OGH 4Ob369/85

OGH4Ob369/8529.10.1985

Der Oberste Gerichtshof hat durch den Präsidenten des Obersten Gerichtshofes Dr.Wurzinger als Vorsitzenden und durch die Hofräte des Obersten Gerichtshofes Prof.Dr.Friedl, Dr.Resch, Dr.Gamerith und Dr.Riedler als weitere Richter in der Rechtssache der klagenden Partei A B & C GesmbH & Co, Muthgasse 2, 1190 Wien, vertreten durch Dr.Karl Böck und Dr.Ewald Weiss, Rechtsanwälte in Wien, wider die beklagte Partei 1. D

E Verlagsgesellschaft mbH & Co KG, 2. D

E Gesellschaft mbH, beide Bergstraße 14, 5020 Salzburg, beide vertreten durch Dr.Walter Vavrovsky, Dr.Hartmuth Ramsauer, Dr.Karl Ludwig Vavrovsky und Dr.Rudolf Wöran, Rechtsanwälte in Salzburg, wegen Unterlassung (Gesamtstreitwert S 700.000,--), infolge Revisionsrekurses der klagenden Partei gegen den Beschluß des Oberlandesgerichtes Linz als Rekursgerichtes vom 26.Juni 1985, GZ.2 R 142/85-12, womit der Beschluß des Landesgerichtes Salzburg vom 1.Mai 1985, GZ.14 Cg 159/85-7, teilweise abgeändert wurde, folgenden

Beschluß

gefaßt:

 

Spruch:

Dem Revisionsrekurs wird Folge gegeben.

Der Beschluß des Rekursgerichtes wird in dem noch angefochtenen Umfang dahin abgeändert, daß Punkt 1.lit g des erstgerichtlichen Beschlusses wiederhergestellt und folgende Kostenentscheidung getroffen wird:

Die klagende Partei hat die Kosten des Provisorialverfahrens erster und zweiter Instanz zu drei Siebentel und alle übrigen Kosten aller drei Instanzen vorläufig selbst zu tragen.

Die klagende Partei hat den beklagten Parteien an Kosten des Provisorialverfahrens erster und zweiter Instanz S 10.515,42 (davon S 955,42 USt) binnen 14 Tagen bei Exekution zu bezahlen. Die beklagten Parteien haben die Kosten des Revisionsrekursverfahrens selbst zu tragen.

Text

Begründung

Die Streitteile (- die zweitbeklagte Partei ist persönlich haftende Gesellschafterin der erstbeklagten Partei -) stehen als Zeitungsherausgeber (Medieninhaber) miteinander in Wettbewerb. Die beklagten Parteien brachten in den 'D E' vom

2./3.März 1985 auf Seite 4 folgenden redaktionellen Bericht über die Ergebnisse der Mediaanalyse 1985:

'Die SN haben mit Abstand die meisten Leser: täglich 178.000.

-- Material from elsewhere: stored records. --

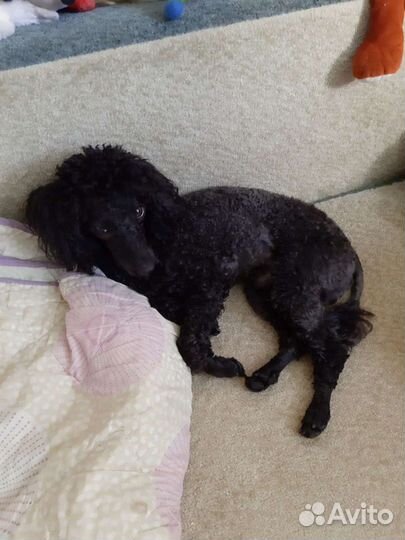 Пудель вязка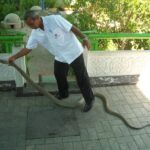 King Cobra at Bangkok Red Cross Station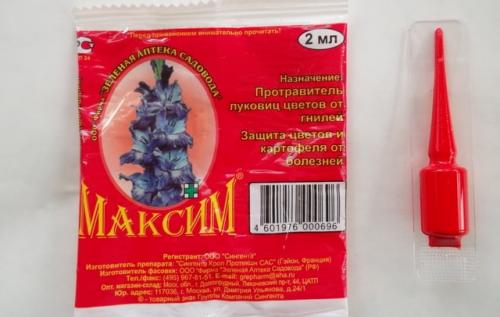 Средство для обработки почвы Максим. Описание состав и принцип работы фунгицида 05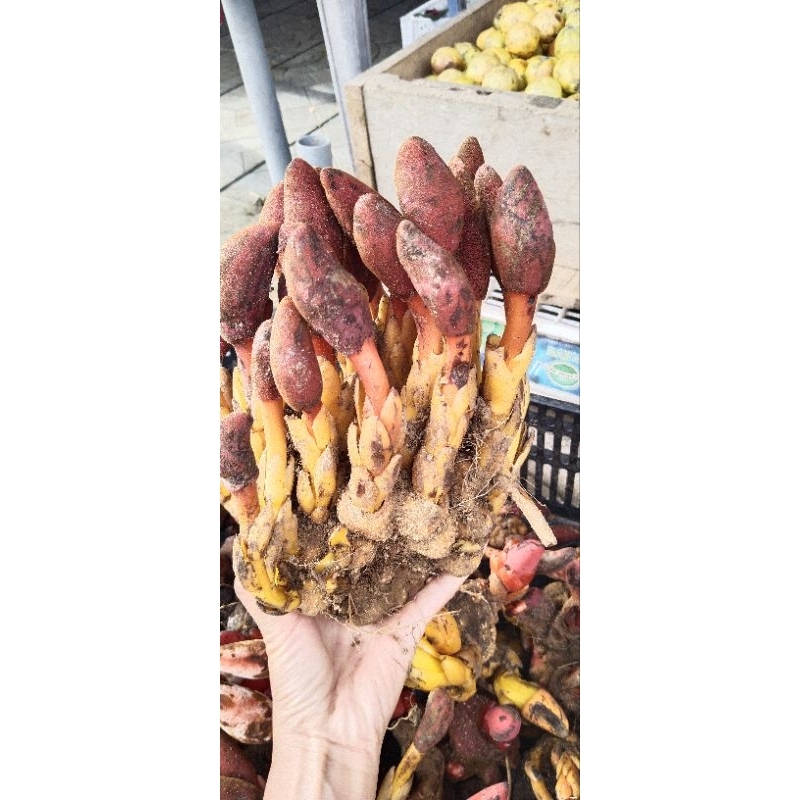 1kg nấm ngọc cẩu tươi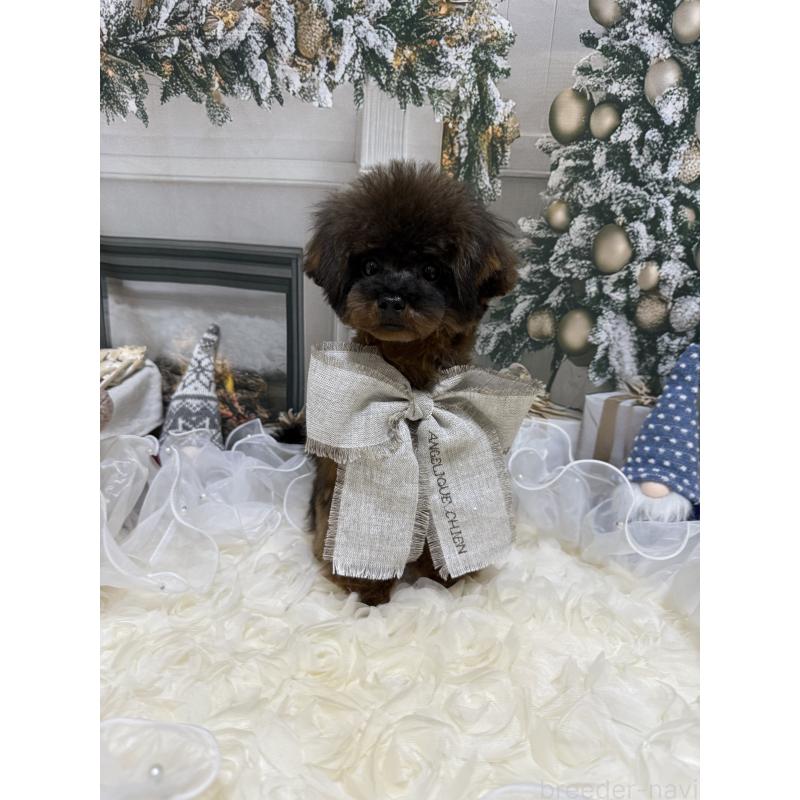 成約済の島根県のティーカッププードル-430663の7枚目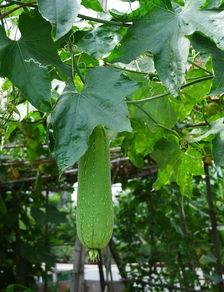 吊瓜视频,揭秘神奇吊瓜的种植与美味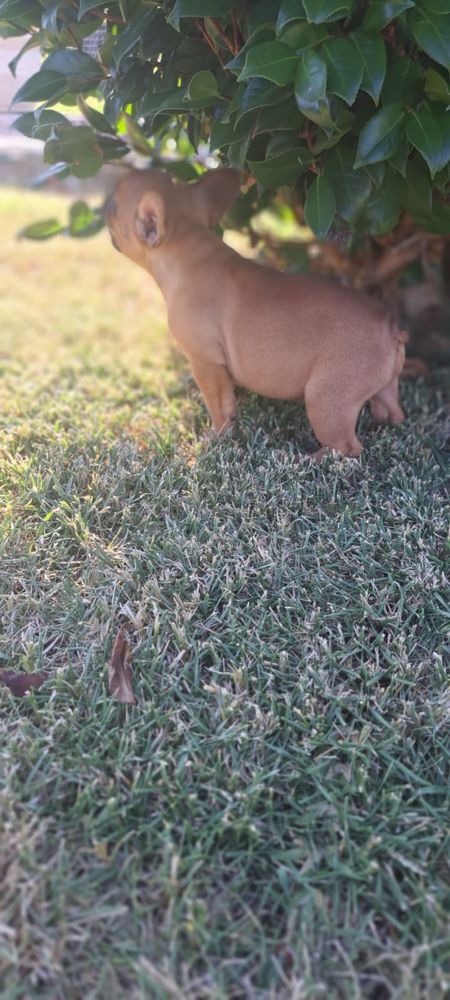 Bulldog francês macho red fawn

Klare Führung der D E in allen Alters- und Sozialschichten.

Wien, Salzburg (SN, F). Die absolut dominierende Stellung unter den Tageszeitungen in Stadt und Land G bestätigt die gestern veröffentlichte Media-Analyse 1985 den D

E: Mit 178.000 täglichen Lesern haben die SN deutlich mehr Zuspruch als alle anderen für dieses Bundesland erscheinenden Tageszeitungen zusammen.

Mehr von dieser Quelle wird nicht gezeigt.